Directions for this task = Once the line containing "شباب النواب تدعو" is found in the data below, repeat it and every later line exactly, leaving the pictures out.

Record extracts =
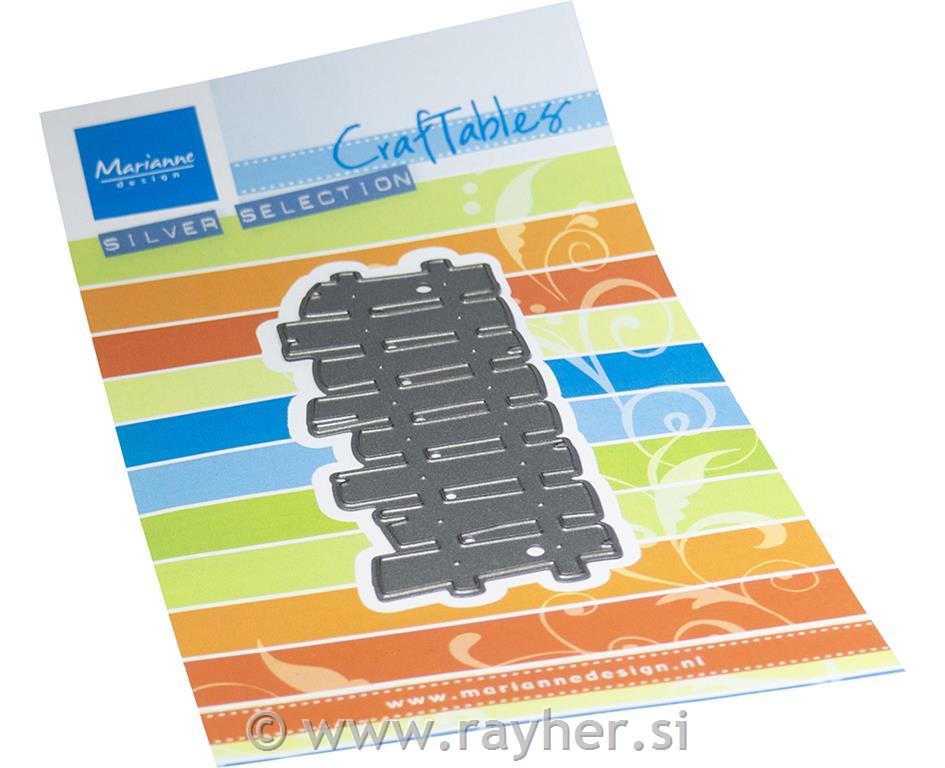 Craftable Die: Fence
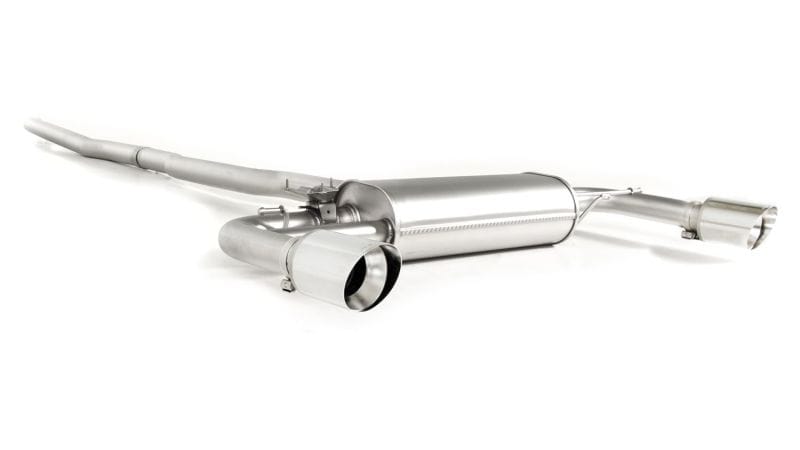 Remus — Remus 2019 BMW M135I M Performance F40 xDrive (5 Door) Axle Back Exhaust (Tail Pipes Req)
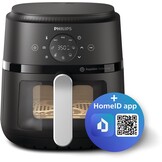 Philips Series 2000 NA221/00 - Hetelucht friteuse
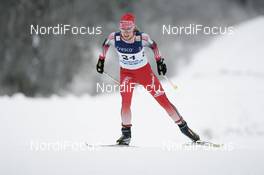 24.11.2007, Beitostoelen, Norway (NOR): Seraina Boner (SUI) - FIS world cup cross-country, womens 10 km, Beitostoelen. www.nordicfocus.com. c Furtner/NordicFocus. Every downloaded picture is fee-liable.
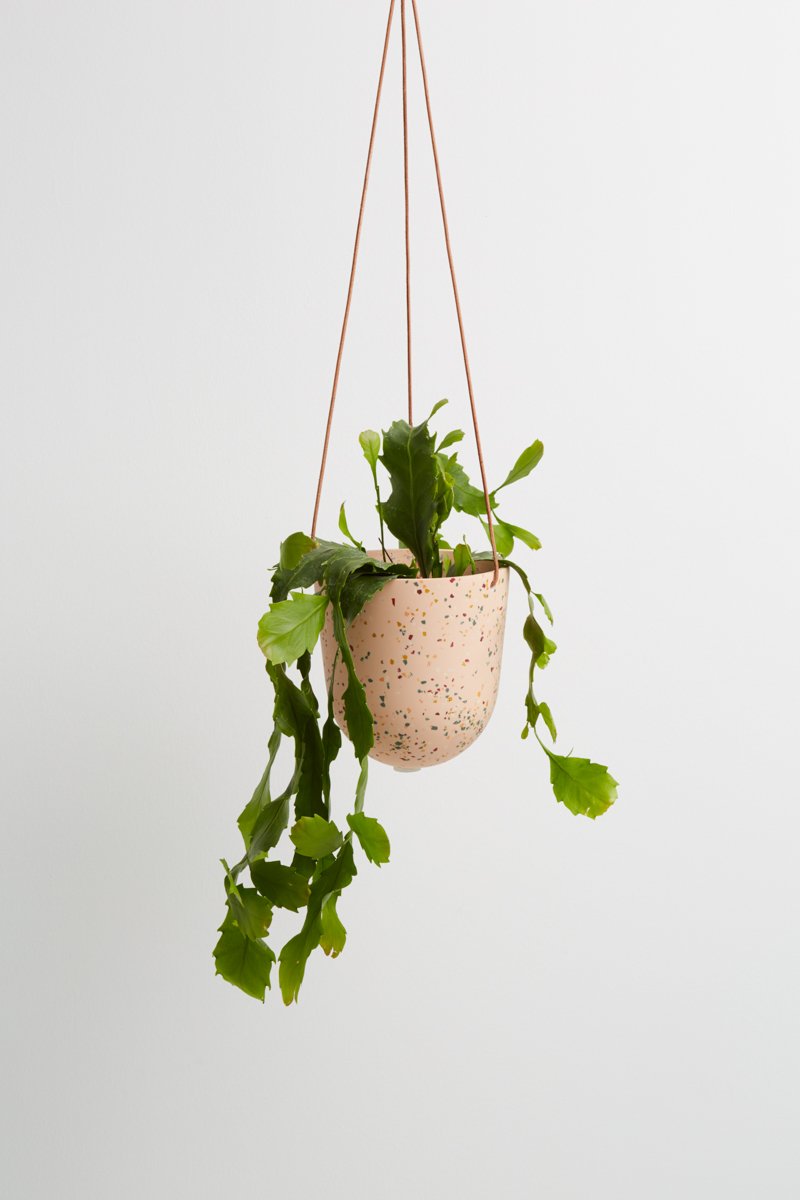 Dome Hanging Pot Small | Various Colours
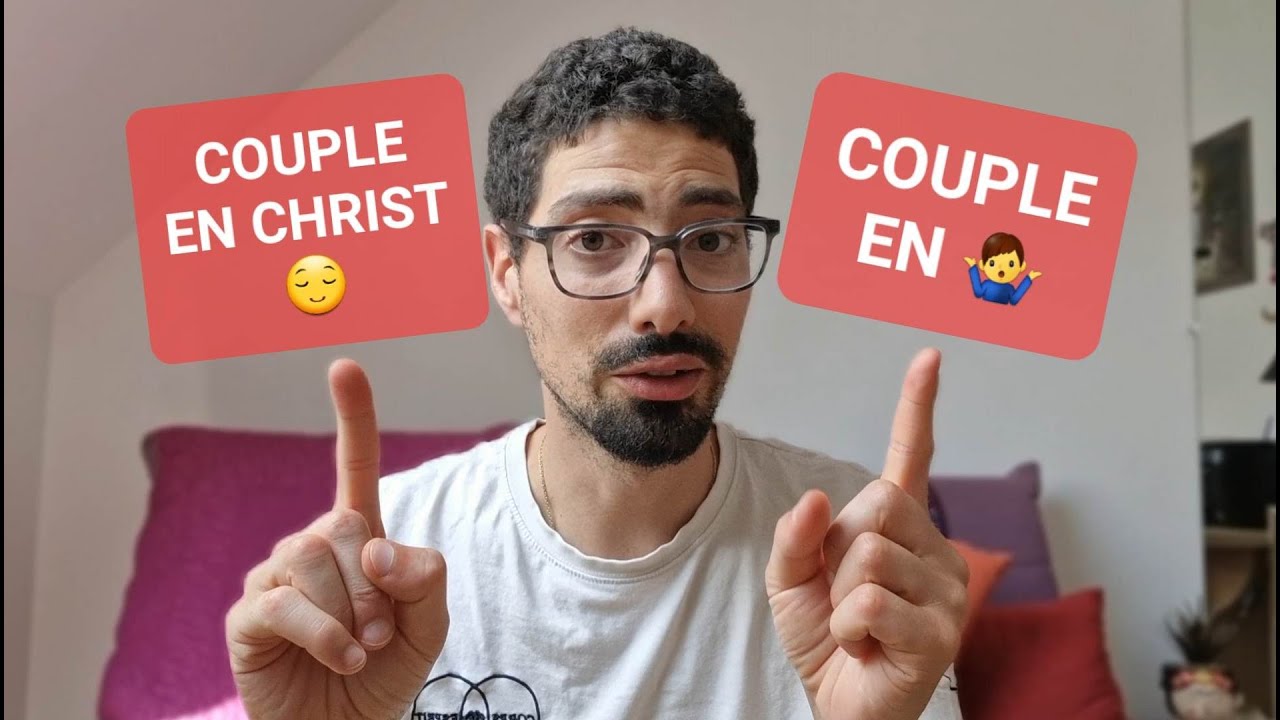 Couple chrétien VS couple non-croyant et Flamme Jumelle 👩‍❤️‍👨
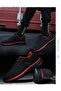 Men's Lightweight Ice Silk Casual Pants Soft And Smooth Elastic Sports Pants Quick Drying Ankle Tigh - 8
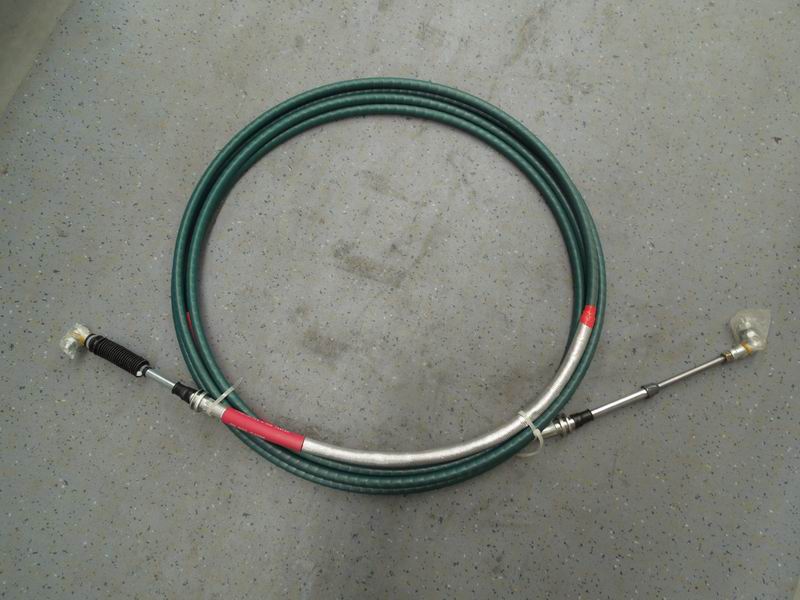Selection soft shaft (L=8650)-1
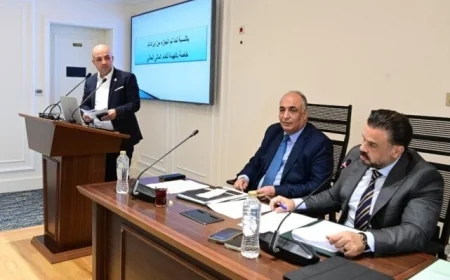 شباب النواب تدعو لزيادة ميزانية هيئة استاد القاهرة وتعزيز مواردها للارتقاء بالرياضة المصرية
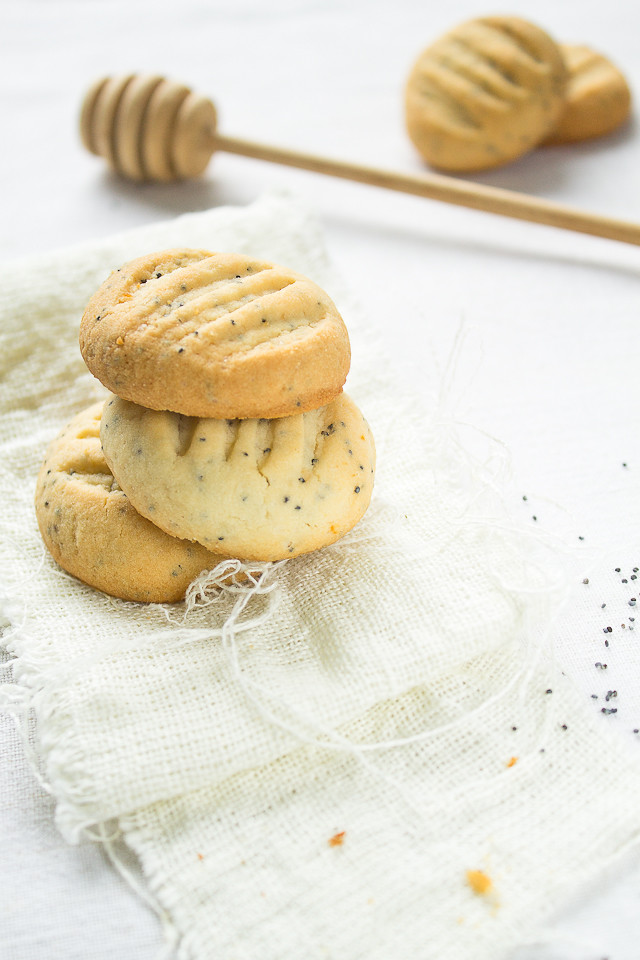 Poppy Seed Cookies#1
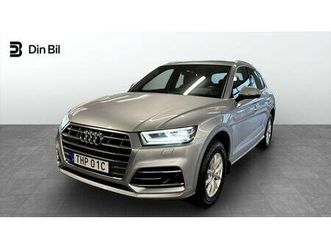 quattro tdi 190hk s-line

Task response =
 شباب النواب تدعو لزيادة ميزانية هيئة استاد القاهرة وتعزيز مواردها للارتقاء بالرياضة المصرية
 Poppy Seed Cookies#1
 quattro tdi 190hk s-line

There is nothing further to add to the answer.